NAPOLEÃO E SEU CAVALO BRANCO

Muito famoso é o cavalo de Napoleão, embora ele tivesse vários. “Qual a cor do cavalo branco de Napoleão?” – diz a velha “pegadinha” (se você acertar, ganha o CD O melhor do arrocha, incluindo uma faixa-bônus com Caetano Veloso cantando Rebolation). O nome do principal cavalo de Napoleão era Vizir, um árabe, presente do sultão do Egito. Reza a lenda que Vizir (na gravura) levou o velho Bonaparte de Paris a Moscou em 1812 e, na grande retirada, com 60 graus abaixo de zero, trouxe seu dono de volta, são e salvo. Depois de morto, foi empalhado e, nessa condição, encontra-se no Museu do Exército, em Paris. São cavalos muito importantes, mas nenhum deles ganhou o Oscar da Academia.

PANGARÉ “GANHA” METADE DO OSCAR

O cavalo mais vitorioso do cinema não recebeu a divulgação merecida. Foi um anônimo montado por Lee Marvin, em Dívida de sangue, de Elliot Silverstein. Marvin faz um pistoleiro pé-de-cana (Kid Sheleen), montando um cavalo igualmente bêbado (foto).
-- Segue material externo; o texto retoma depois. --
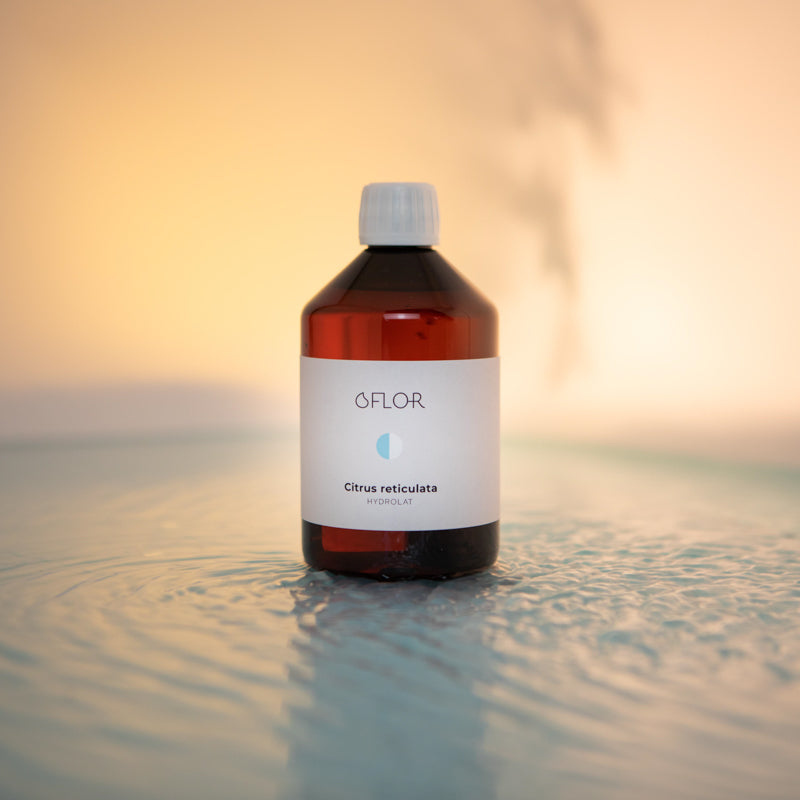 Hydrolat de Mandarine (zeste)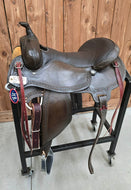 HR Staci Xtra Padded Trail Saddles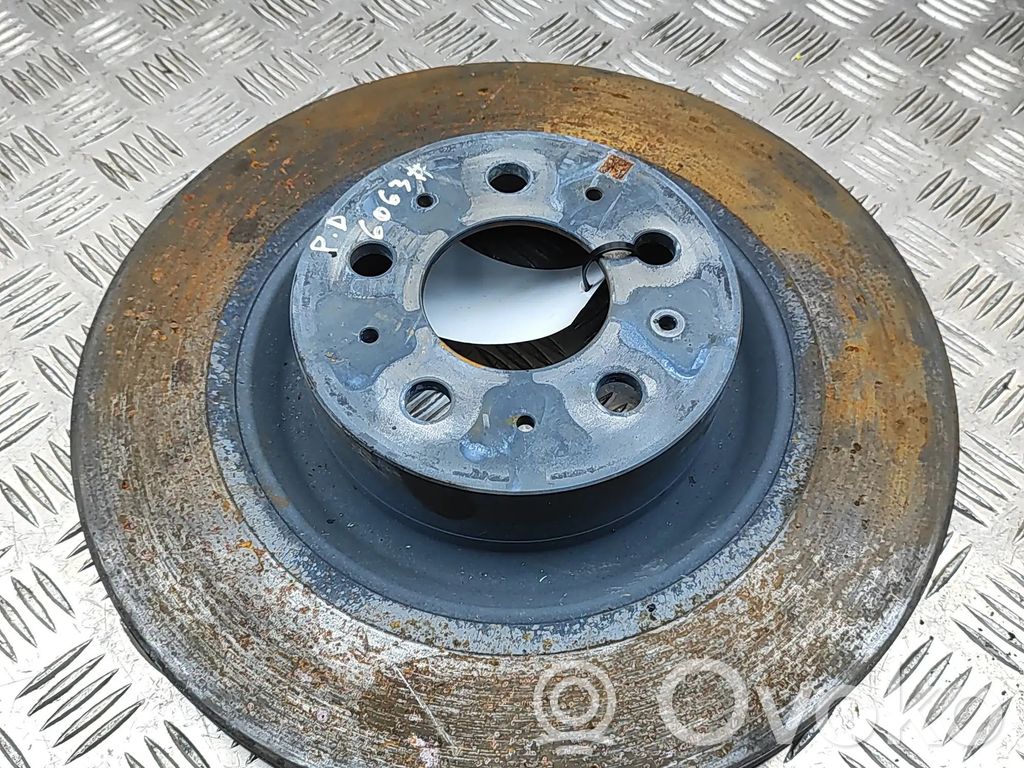 Tesla Model Y Juniper Etujarrulevy 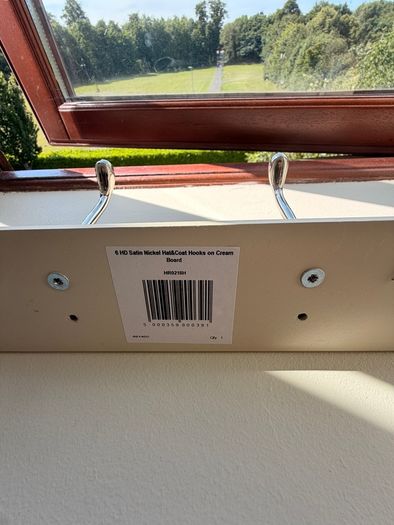 Coat rack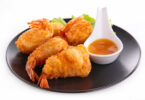 Photo de la recette : Recette beignets de crevettes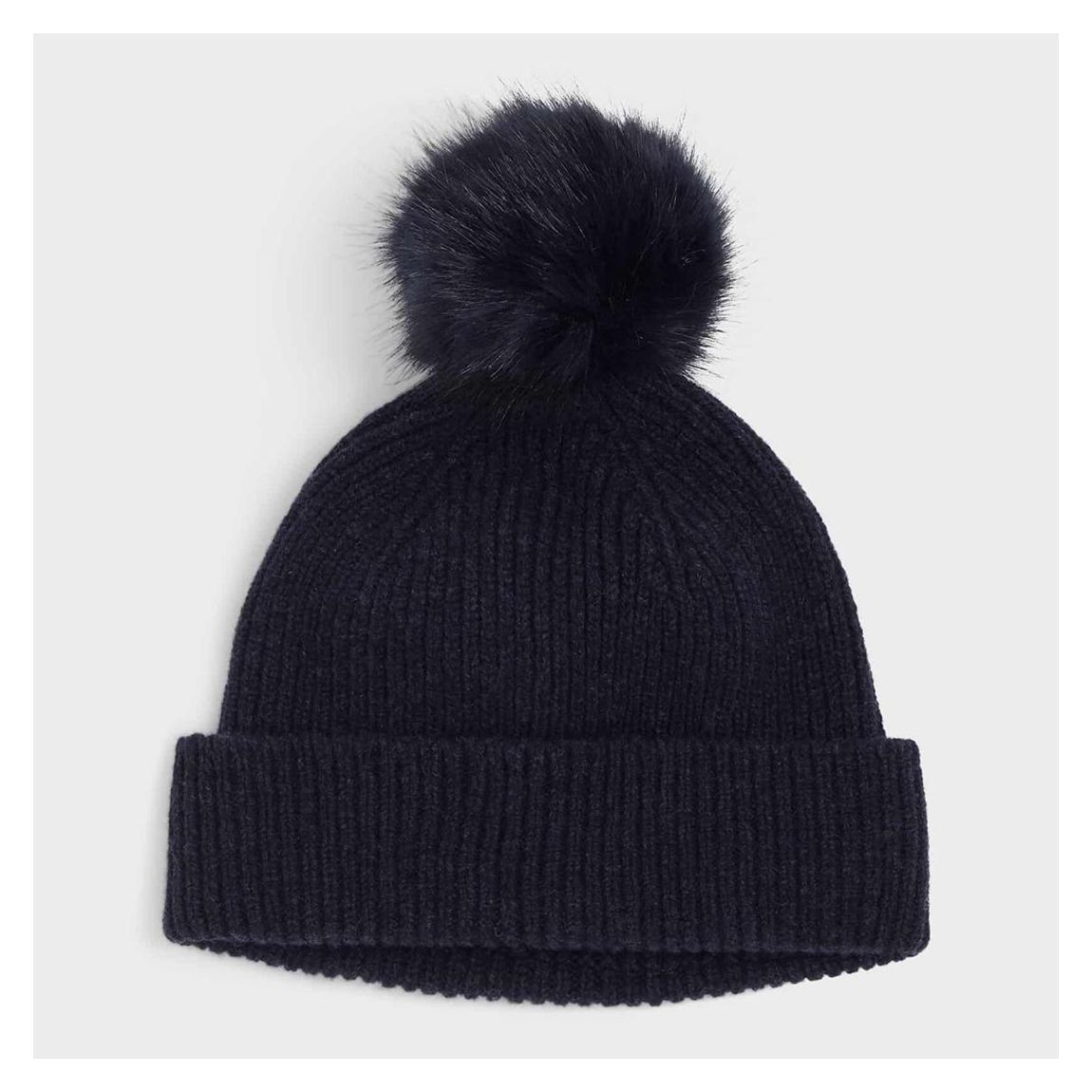 Navy Ember Wool Hat main product photo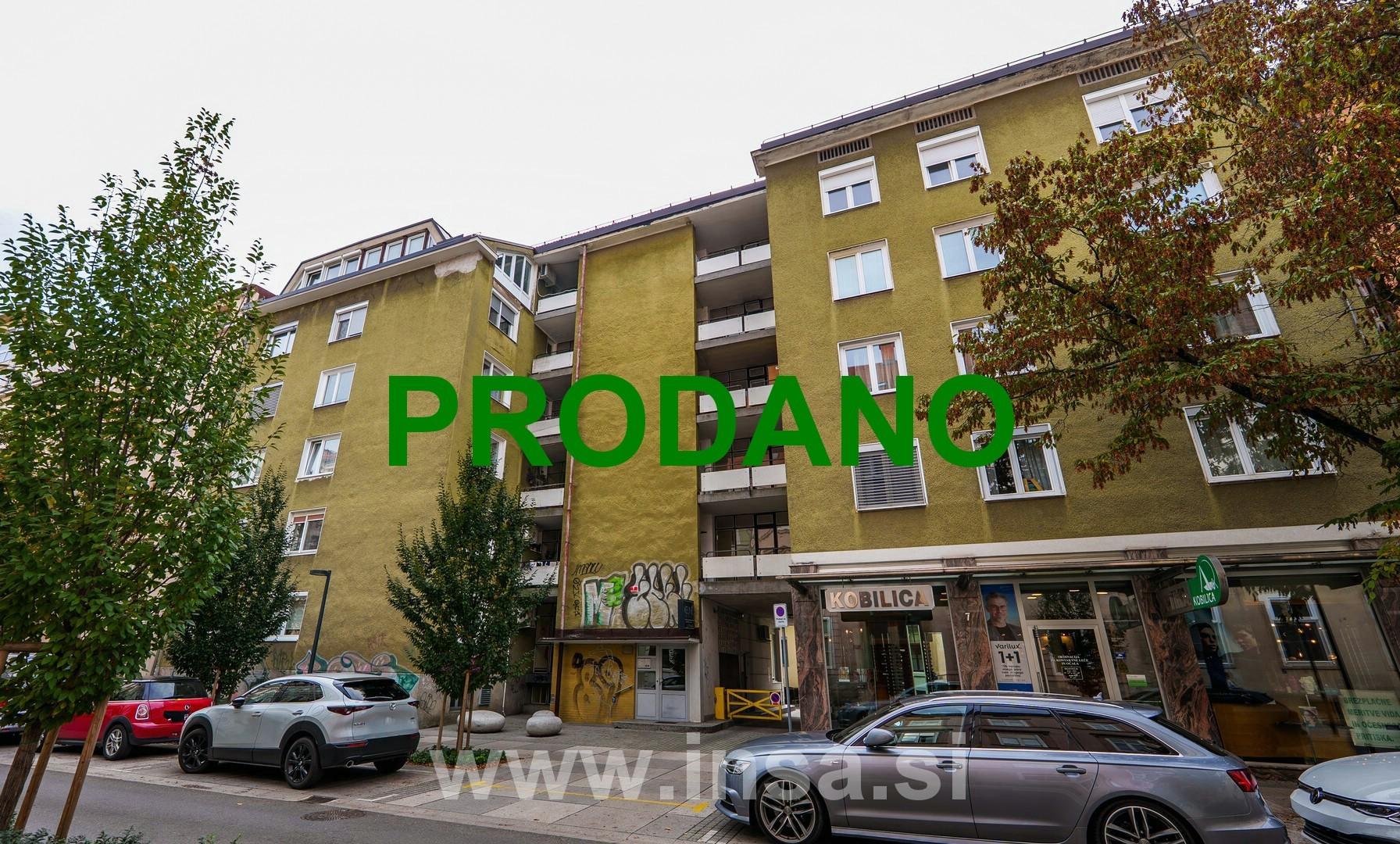 Stanovanje, Dvosobno, MARIBOR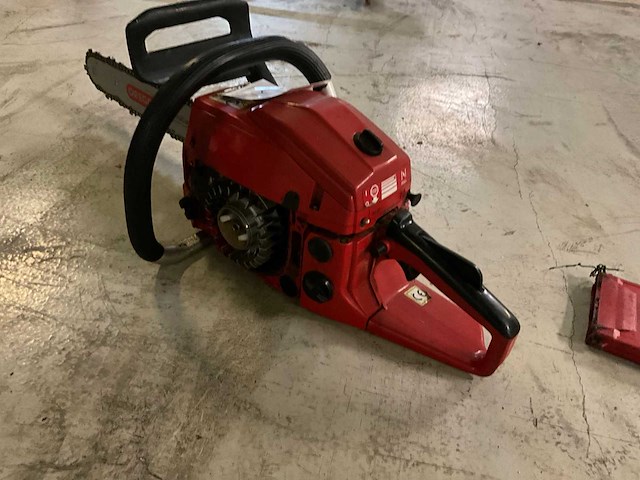 Komatsu kettingzaag - afbeelding 3 van  5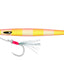 Nomad The Streaker 320g Jig Lure [cl:yellow Racer]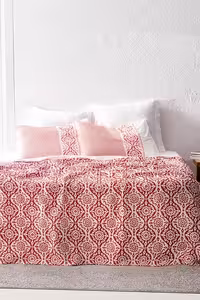 ست روانداز تابستانی مادام کوکو طرح Barrie کینگ سایز 4 تکه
Ao ganhar o Oscar como melhor ator de 1965, Lee Marvin, chegado a um copo, fez um discurso inusitado: disse que passara a vida toda “treinando” para ser um beberrão nas telas; e que metade do prêmio deveria ser dado ao cavalo do filme. É um dos meus (muitos) faroestes preferidos. Engraçado e diferente, tem Jane, a rebelde filha de Henry Fonda na plena forma dos seus 28 aninhos – além da criativa trilha sonora (“ao vivo”) de Nat King Cole e Stubby Kaye (A balada de Cat Ballou).

O MAIOR DOS NOSSOS COMPOSITORES

“Ora – direis – Tom Jobim é muito citado nesta coluna”. E eu vos direi no entanto que, a meu juízo, ele aparece até pouco. Tenho dúvidas sobre se nosso país de tão parco reconhecimento a seus valores intelectuais tem consciência da importância de Antônio Carlos Brasileiro de Almeida Jobim para a MPB. E embora não seja neste espaço que se corrigirá tal injustiça, algo precisa ser dito: para começar, que Tom Jobim é o maior dos nossos compositores modernos, com uma produção imensa em que (não pude conhecê-la toda, é verdade) nunca encontrei nada que não fosse de alto nível. A produção de Tom Jobim é horizontal, no melhor sentido que possa ter a palavra.

NENHUM MÚSICO TEVE TANTO PRESTÍGIO

Foi ele, não Carmen Miranda, conforme se apregoa por aí, quem abriu as portas do mercado mundial (a partir dos Estados Unidos, é claro) para o canto brasileiro. Tom Jobim “invadiu” o jazz, ensinou Frank Sinatra a cantar música brasileira, mostrou a Gerry Mulligan como emitir  no sax uns acordes de Samba de uma nota só (isto tudo circula na internet). Foi gravado, além de Sinatra e Mulligan, por Ella Fitzgerald, Stan Getz, Sarah Vaughan e todo mundo que interessa. Imagino que Billie Holiday não o gravou porque não conseguiu sair do túmulo. Mas tentou. Anita O´day (que esteve no Brasil nos anos oitenta) abre e fecha suas apresentações com  Wave. Nunca na história deste país alguém teve tanto prestígio internacional. Tom era o cara.

A TERNURA ANTIGA DE JOE HENDERSON

Joe Henderson (1937-2001), saxofonista dos  mais respeitados do mundo, também fez um cancioneiro de Tom Jobim (Double raimbow, que enriquece minha humilde coleção). Sonoridade límpida, suave, “flutuante”, com certa nostalgia das baladas de  Coleman Hawkins (foto). Mas JH é discípulo confesso de Stan Getz e Charlie Parker, capaz de alternar a simplicidade do primeiro com a sofisticação do segundo. Mesmo nas notas agudas, não chega à agressão auditiva, mantém-se lírico, como se tocasse um acalanto. Como diria o velho Che (para quem balada se fazia com rifle, não com sax), Joe Henderson não perde a ternura, jamais.  No vídeo (com Desafinado), os “coadjuvantes” são Pat Matheny (guitarra) e Tom Jobim (ao piano). Em meio a esse luxo, brilha o sax de Henderson.